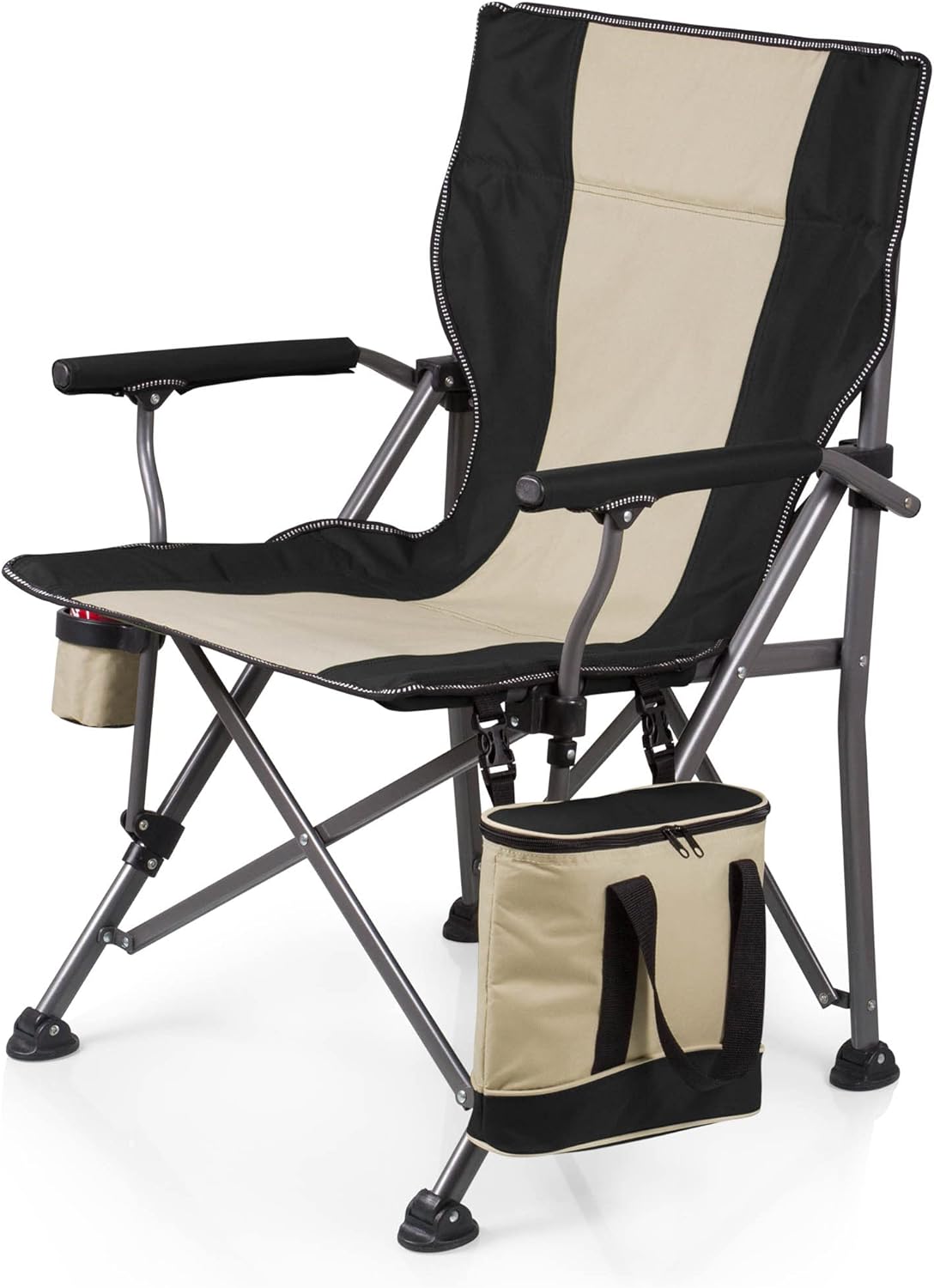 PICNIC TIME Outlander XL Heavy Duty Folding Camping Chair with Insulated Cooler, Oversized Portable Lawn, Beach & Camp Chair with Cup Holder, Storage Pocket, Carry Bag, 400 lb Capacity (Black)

--

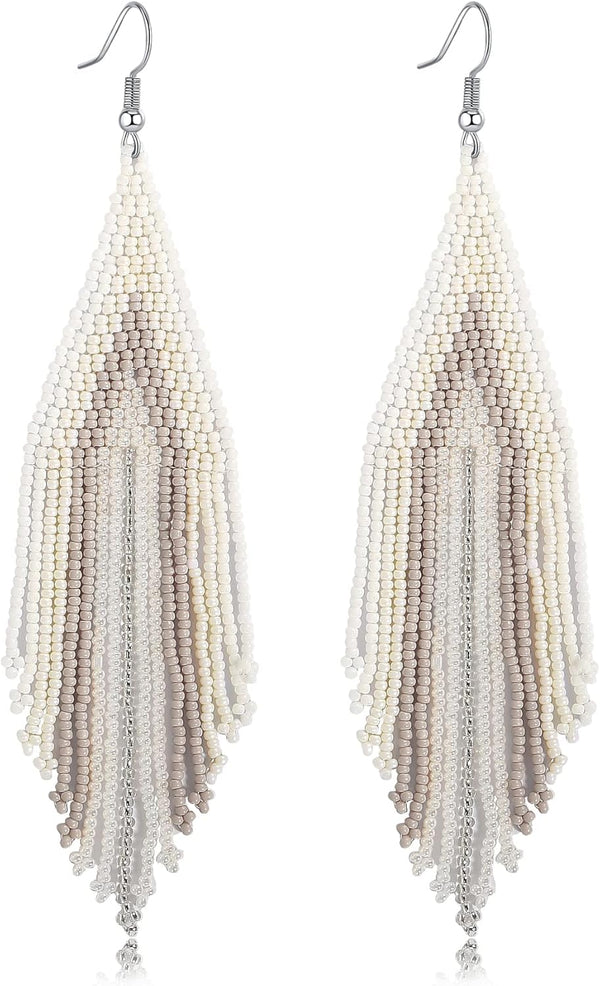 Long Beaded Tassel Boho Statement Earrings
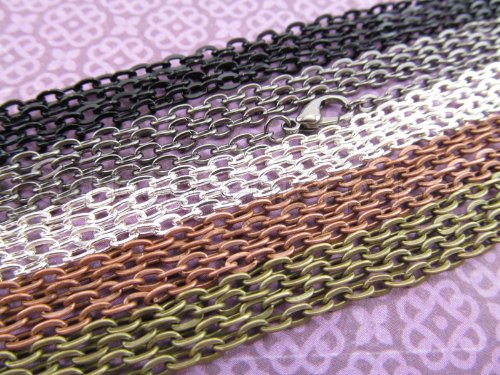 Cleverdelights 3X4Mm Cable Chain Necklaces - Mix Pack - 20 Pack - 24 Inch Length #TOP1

**WHAT YOU NEED TO DO**
Leave out the images and write out the lines above exactly, from the one with "Long Beaded Tassel Boho Statement Earrings" up to and including the one with "Cleverdelights 3X4Mm Cable".

**RESULT OF THIS EXERCISE**
 Long Beaded Tassel Boho Statement Earrings
 Cleverdelights 3X4Mm Cable Chain Necklaces - Mix Pack - 20 Pack - 24 Inch Length #TOP1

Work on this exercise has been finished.